この本は何度も読み返しているが、今回は「説明」の部分が印象に残った。
教師はもっと、語らなければならない。
インストラクションの原理―学習趣意の明確化―
なんのためにそれを学ぶのか、子どもたちにはっきりと伝えるのです。授業において教師が<学習趣意>を語り、授業の<目的>を明確にすると、子どもたちは見違えるほどに授業に集中して取り組むものなのです。
たしかに、先が見えないまま授業を進めていても子どもは乗ってこないだろう。授業研究会などに参加した時の自分がそうであるように。<目的>や<価値>を語ることが重要なんだ。堀先生は、学習趣意を明確化することを<インストラクション>としており、6つの大切なことを述べている。
1、学習事項の価値
その授業における学習事項が実用的なものであれば社会に出てどのように役に立つのか、教養的なものであればどのように自分自身の生活を豊かにするのか、それをできれば具体例を挙げて説明します。
割り算の勉強であれば、「今日の授業が終わったころには、兄弟でお菓子をバランスよく分けることができるようになるよ」とかかな。理科の蒸発を勉強するときなんかだったら、「みんな、昨日まであった水たまりがなくなってる!って思ったことない?今日はその秘密がわかるようになるよ」とかどうだろう。
2、授業のフレーム
その授業のフレームが<知識>を得ることなのか<技術>を身に着けることなのか、或いは既に習った<技術>に使い慣れることなのか、それとも既習事項からふさわしい<技術>を考え判断することなのか、そうしたことを明確に規定する必要があります。
この授業の目的が「習得」「活用」「探究」のどれにあたるかを伝える。「今日の授業は、掛け算のひっ算のこの問題を、教科書のこの解き方を使って解けるようになることだよ」とか。「今までの学習のまとめのページを、全問解けるようにしよう」とかかな。
3、到達すべき目標
その授業の学習事項を何をもって到達したと判断できるのか、その到達目標を明確にしてあげることも<インストラクション>の大切な要素です。
「~がわかる」「~ができる」など「ここまで到達すればいいんだよ」という規準を教師が伝えてあげることが大切。堀先生が昨今の子どもたちには、やるべきことを理解し、やるべきことの目的がわかり、到達すべき目標を理解したとき、教師が驚くほどの集中力をもって取り組む傾向があるとおっしゃっている。まさに、その通りだと思う。というか、僕自身もそう。大人子供かかわらずその傾向はあると思う。これをもとにした授業計画シートをつくろうかな。
4、目標到達への方法
何をどうすれば目標に到達できるのか、その<方法>の説明は<インストラクション>において最も大切な要素です。

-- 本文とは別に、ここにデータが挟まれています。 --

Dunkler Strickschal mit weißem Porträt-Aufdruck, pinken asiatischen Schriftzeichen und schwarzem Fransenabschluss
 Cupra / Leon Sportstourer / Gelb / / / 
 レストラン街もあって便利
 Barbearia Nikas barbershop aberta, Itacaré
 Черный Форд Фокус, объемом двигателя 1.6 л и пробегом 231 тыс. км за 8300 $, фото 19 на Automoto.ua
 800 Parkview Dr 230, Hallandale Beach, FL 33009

「教科書のこのページを見て」とか「調べたり実験して」とか「友達にアドバイスをもらって」とかになるのかな。友達と交流する場合は交流の仕方まで詳しく伝えなければ。モデリングをしたり。
5、方法の価値
なぜこういう読み方をしなくてはならないか、なざこのような検証の方法をとるのか、小集団で交流することにどんな価値があるのか、そうしたことを将来の社会生活との関連で具体的に語ってあげると、子供たちの意欲が驚くほどに高まるものです。
自分はどれほど語れているだろうか。語ることのできる大人になろう。それも、一貫して語ることができる内容の芯が必要だ。
6、子どもたちへの励まし
下位の子どもたちは自分がその学習活動にちゃんと取組めるのかと、自信をもてないでいるものです。教師は「大丈夫。きみにもできるよ。自信をもって取り組め」と励まし続けなければなりません。
これは意識的に取り組めているかな。
以上、インストラクションのポイントでした。このほかにも、「説明の命は具体例だ」「事象の説明の命は見える化だ」「方法の説明の命は見通しだ」「事前に起こりうるミス事例を伝える」など、説明に対してこんなに細かく考えるのかというところまで考えられている。
「説明」は、「発問」と「指示」を支えるもの。どんなに優れた発問や指示も、説明がしっかり伝わっていなければ機能しない。
今日の記事の内容は、この本のほんの一部。まだまだ学ぶ内容は盛りだくさん。とくに若手教師は、必読の書ではないでしょうか。